Brigade 401 Israel memasuki sisi Gaza di penyeberangan Rafah pada Selasa (7/5) pagi, kata militer Israel, mengambil kendali operasional dari titik perbatasan yang terbilang penting.

 

2 dari 3 halaman

Proses Penyaluran Bantuan ke Gaza Terancam

Rekaman yang dirilis oleh militer menunjukkan bendera Israel berkibar dari tank yang merebut daerah tersebut.

Baik wilayah penyeberangan Rafah maupun penyeberangan Kerem Shalom antara Israel dan Gaza — dua rute utama pintu masuk bantuan ke wilayah yang terkepung — telah ditutup setidaknya selama dua hari terakhir.

Penutupan ini merupakan gangguan lebih lanjut terhadap upaya menjaga aliran makanan, obat-obatan dan pasokan lainnya yang dimaksudkan untuk menyelamatkan penduduk Gaza agar bisa tetap hidup.

Jens Laerke, juru bicara kantor urusan kemanusiaan PBB yang dikenal sebagai OCHA, mengatakan bahwa pihak berwenang Israel telah menolak akses mereka ke penyeberangan Rafah.

Dia memperingatkan bahwa gangguan di Rafah dapat menghancurkan proses penyaluran bantuan, dan mengatakan bahwa semua bahan bakar yang mendukung kerja kemanusiaan datang melalui penyeberangan tersebut.

“Hal ini akan membawa krisis ini ke tingkat kebutuhan yang belum pernah terjadi sebelumnya, termasuk kemungkinan terjadinya kelaparan,” katanya.

Sementara itu, militer Israel tetap mengabaikan semua peringatan mengenai dampaknya terhadap warga sipil dan operasi kemanusiaan di Jalur Gaza.

 

3 dari 3 halaman

Rangkaian Serangan di Rafah

Militer Israel juga melakukan serangkaian serangan dan pemboman di Rafah semalam, menewaskan sedikitnya 23 warga Palestina, termasuk setidaknya enam wanita dan lima anak-anak, menurut catatan rumah sakit yang diperoleh oleh The Associated Press.

Mohamed Abu Amra mengatakan, istrinya, dua saudara laki-laki, saudara perempuan dan keponakannya tewas ketika serangan meratakan rumah mereka saat mereka sedang tidur.

“Kami tidak melakukan apa pun.

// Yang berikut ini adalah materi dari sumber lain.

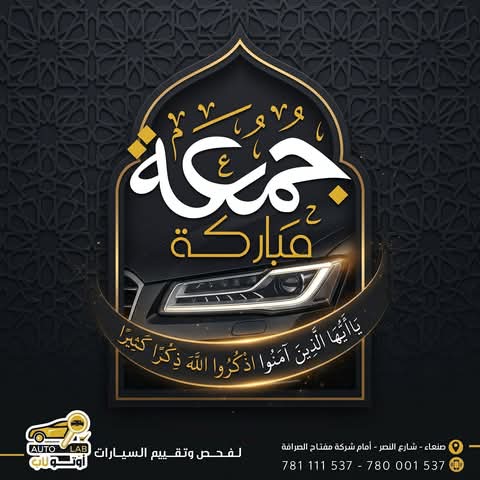 جمعة مباركة — تهاني الجمعة وأدعيتها لعام ٢٠٢٦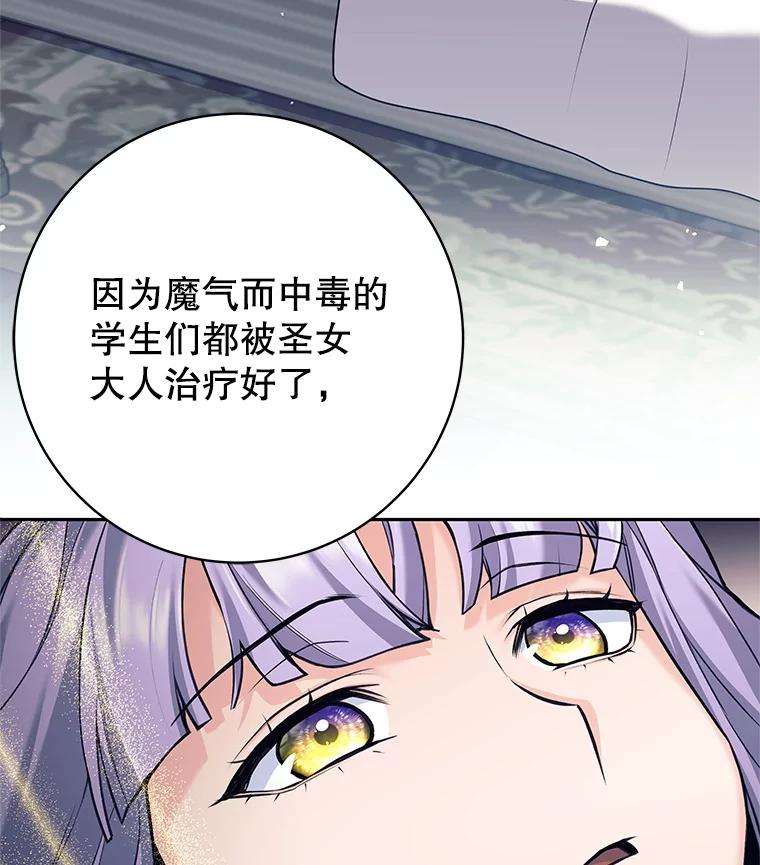 《这个勇士我不干了》34.偶遇莎拉 第67页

Kami tidak punya koneksi dengan Hamas,” katanya.

Juru bicara Kementerian Luar Negeri Mesir menolak untuk mengomentari penutupan area penyeberangan di Rafah oleh Israel.

Mesir sebelumnya telah memperingatkan bahwa setiap upaya militer di Rafah akan mengancam perjanjian damai tahun 1979 dengan Israel yang merupakan kunci utama keamanan regional.

Rencana Israel untuk menyerang Rafah juga telah menimbulkan kekhawatiran akan peningkatan dramatis kematian warga sipil dalam kampanye pemboman dan serangan yang telah menewaskan lebih dari 34.700 warga Palestina, menurut pejabat kesehatan Gaza.

Serangan tersebut telah meratakan sebagian besar wilayah tersebut dan membuat orang-orang berebut makanan, air, dan obat-obatan.

Operasi militer di Rafah juga memperdalam perpecahan antara Netanyahu dan Biden. Netanyahu mengatakan, menyerang Rafah sangat penting untuk menghancurkan Hamas.